### TASK TO CARRY OUT
Using the data that follows, report how many lines include "Rare"; output no other text.

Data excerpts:
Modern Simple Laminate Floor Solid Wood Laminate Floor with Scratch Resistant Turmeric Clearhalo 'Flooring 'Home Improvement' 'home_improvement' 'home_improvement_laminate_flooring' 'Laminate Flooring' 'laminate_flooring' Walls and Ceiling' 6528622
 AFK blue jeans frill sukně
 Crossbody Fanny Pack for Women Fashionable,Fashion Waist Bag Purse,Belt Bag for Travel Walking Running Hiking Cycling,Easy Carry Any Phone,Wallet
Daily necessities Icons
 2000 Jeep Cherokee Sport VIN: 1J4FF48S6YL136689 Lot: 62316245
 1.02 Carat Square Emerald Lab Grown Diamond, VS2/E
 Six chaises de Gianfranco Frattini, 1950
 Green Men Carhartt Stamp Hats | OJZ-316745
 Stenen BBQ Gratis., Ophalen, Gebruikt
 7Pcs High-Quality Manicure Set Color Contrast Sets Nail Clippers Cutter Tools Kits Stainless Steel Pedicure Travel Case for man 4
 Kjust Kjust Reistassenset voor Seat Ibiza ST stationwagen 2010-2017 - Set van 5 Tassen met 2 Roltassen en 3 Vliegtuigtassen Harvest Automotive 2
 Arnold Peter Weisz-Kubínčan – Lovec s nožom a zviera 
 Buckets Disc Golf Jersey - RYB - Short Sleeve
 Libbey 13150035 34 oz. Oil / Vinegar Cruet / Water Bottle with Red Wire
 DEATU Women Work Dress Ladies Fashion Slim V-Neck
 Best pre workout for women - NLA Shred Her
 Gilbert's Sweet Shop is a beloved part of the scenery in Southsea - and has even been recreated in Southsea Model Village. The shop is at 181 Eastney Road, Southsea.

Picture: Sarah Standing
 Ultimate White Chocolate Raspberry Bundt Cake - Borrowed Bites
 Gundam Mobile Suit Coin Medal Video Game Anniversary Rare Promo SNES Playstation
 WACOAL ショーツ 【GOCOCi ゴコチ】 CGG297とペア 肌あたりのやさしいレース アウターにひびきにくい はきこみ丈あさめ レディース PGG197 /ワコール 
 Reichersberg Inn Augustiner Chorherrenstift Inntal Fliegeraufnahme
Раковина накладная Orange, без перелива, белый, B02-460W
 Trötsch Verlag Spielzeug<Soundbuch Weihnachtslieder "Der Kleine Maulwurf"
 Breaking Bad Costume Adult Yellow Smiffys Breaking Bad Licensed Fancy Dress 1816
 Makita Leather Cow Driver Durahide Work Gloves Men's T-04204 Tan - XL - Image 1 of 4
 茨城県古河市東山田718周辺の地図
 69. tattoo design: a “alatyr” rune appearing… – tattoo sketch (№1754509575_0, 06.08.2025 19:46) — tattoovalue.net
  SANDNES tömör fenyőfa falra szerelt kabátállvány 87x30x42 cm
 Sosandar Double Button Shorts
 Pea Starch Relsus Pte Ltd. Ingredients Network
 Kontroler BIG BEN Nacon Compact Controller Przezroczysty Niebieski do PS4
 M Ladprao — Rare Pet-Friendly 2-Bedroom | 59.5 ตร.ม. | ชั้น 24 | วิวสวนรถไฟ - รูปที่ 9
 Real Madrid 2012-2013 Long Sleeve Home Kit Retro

### ANSWER SECTION
2